Researchers led by Don Lo of Duke University Medical Center and Cogent Neuroscience, Inc., in Durham, North Carolina, have developed a novel brain-slice platform for identifying therapeutic targets for neurodegenerative diseases, including Alzheimer’s, Huntington’s, and Parkinson’s, as well as stroke and glaucoma. At this month’s Neuroscience meeting, Lo’s group presented eight posters describing their various models and preliminary results of "hits" they have identified so far.
The platform is based on rodent brain slices that are biolistically transfected, that is, with a gene gun that employs a pulse of helium to fire small gold particles coated with human DNA and fluorescent reporter constructs at living brain slices, which are kept viable in culture for up to two weeks. The tissue slices retain their three-dimensional structure, enabling testing on intact living brain cells in a quasi-natural environment including surrounding glial cells.
Lo called the model "almost in vivo, essentially an animal model in a dish. We’ve used every trick in the book to recapitulate the neurologic diseases we’re interested in studying-genes, environmental insults, whatever we know causes the disorder in humans." The team presented data in Orlando on their models for stroke, glaucoma and Huntington’s disease. The effort attempts to overcome the time constraints of using transgenic animal models to test drug candidates and the high failure rate of compounds identified in cell-free protein-binding models. Lo also sees it as helping to close the "innovation gap" between academic basic research, where compounds may be discovered, and the high-throughput screening that typically occurs only at biotech and pharmaceutical firms.
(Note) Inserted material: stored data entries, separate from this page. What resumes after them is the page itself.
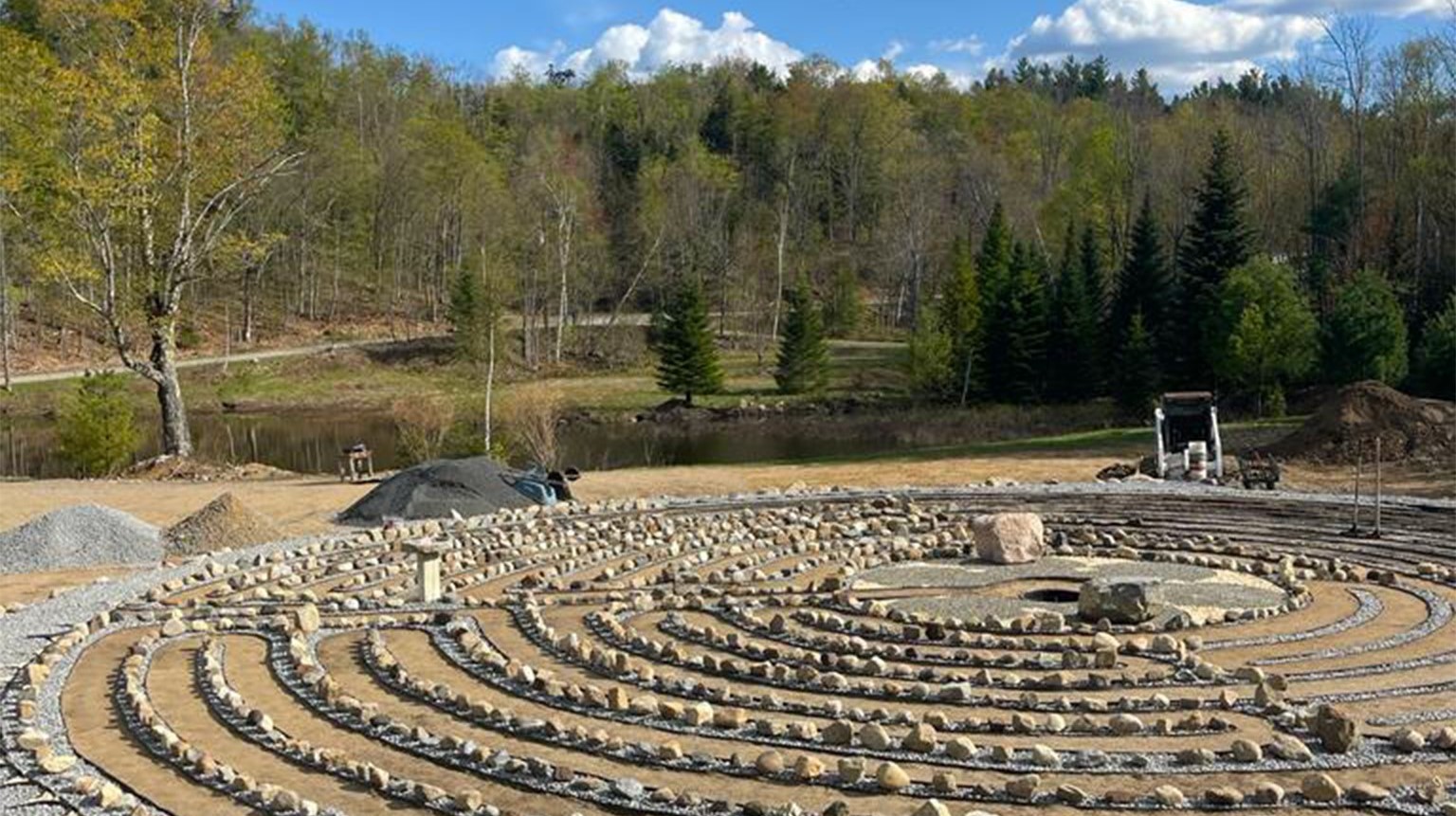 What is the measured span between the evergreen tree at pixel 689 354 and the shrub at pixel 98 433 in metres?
25.0

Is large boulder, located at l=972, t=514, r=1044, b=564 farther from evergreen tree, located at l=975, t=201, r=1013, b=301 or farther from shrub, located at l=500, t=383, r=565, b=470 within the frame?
evergreen tree, located at l=975, t=201, r=1013, b=301

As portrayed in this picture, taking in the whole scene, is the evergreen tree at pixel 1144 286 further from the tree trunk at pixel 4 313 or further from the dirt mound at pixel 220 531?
the tree trunk at pixel 4 313

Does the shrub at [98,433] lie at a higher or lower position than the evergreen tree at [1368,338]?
lower

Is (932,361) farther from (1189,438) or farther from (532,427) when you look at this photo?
(1189,438)

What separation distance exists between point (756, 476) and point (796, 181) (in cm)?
5959

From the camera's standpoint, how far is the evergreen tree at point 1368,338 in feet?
129

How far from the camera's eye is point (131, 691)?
12.3 meters

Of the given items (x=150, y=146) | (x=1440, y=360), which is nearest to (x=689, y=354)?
(x=150, y=146)

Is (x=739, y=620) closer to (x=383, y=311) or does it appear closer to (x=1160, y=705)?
(x=1160, y=705)

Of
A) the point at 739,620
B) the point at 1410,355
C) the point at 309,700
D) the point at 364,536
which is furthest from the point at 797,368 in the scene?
the point at 309,700

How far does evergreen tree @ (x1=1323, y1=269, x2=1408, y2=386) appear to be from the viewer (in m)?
39.2

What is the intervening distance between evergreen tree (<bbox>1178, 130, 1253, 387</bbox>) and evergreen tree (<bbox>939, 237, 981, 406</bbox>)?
7788mm

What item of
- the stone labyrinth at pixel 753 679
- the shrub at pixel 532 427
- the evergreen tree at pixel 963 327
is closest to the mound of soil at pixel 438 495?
the stone labyrinth at pixel 753 679

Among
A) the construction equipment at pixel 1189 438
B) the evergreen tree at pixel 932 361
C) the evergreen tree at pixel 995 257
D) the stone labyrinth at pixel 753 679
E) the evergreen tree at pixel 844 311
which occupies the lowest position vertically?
the stone labyrinth at pixel 753 679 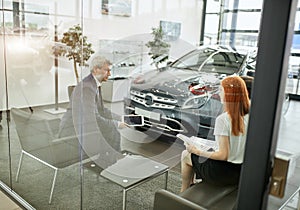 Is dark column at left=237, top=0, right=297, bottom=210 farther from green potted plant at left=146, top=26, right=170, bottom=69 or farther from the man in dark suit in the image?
green potted plant at left=146, top=26, right=170, bottom=69

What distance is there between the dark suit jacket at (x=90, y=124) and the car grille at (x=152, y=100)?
3.36 feet

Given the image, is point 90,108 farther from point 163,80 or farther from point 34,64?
point 34,64

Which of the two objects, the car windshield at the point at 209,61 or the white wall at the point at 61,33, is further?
the white wall at the point at 61,33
The job of identifying therapeutic targets is not driven by hypotheses, Lo said: "We just throw drugs and disease genes at these models and see what blocks the pathology." So far, his group has identified some new drug candidates that have not yet been investigated for therapeutic use. They also have shown that their assays could have predicted the failure of drugs that did not show efficacy in clinical trials, including a number of the neuroprotective drugs that were investigated for stroke. While the brain-slice test confirmed that these compounds were indeed neuroprotective, the protection was seen only within a narrow set of experimental conditions, which may explain their clinical disappointment.
Once a disease model is developed, the team can screen about 1,000 genes or compounds in a matter of months, said Lo’s colleague Peter Reinhart, also at Duke and Cogent. To date, they have screened 5,000 molecules against the stroke model, and a few hundred genes and 3,000 compounds using the Huntington’s model. The method enables investigation of multigenic diseases; Reinhart said they have used as many as 11 genes in one model. The team is just beginning to screen compounds for Alzheimer’s using a model developed with combined DNA constructs for APP, tau, Aβ42 and ApoE4. (The Alzheimer’s model was not presented.)—By guest writer Brenda Patoine.
Brenda Patoine is a science writer in Lagrangeville, New York, who writes for BrainWork and other publications.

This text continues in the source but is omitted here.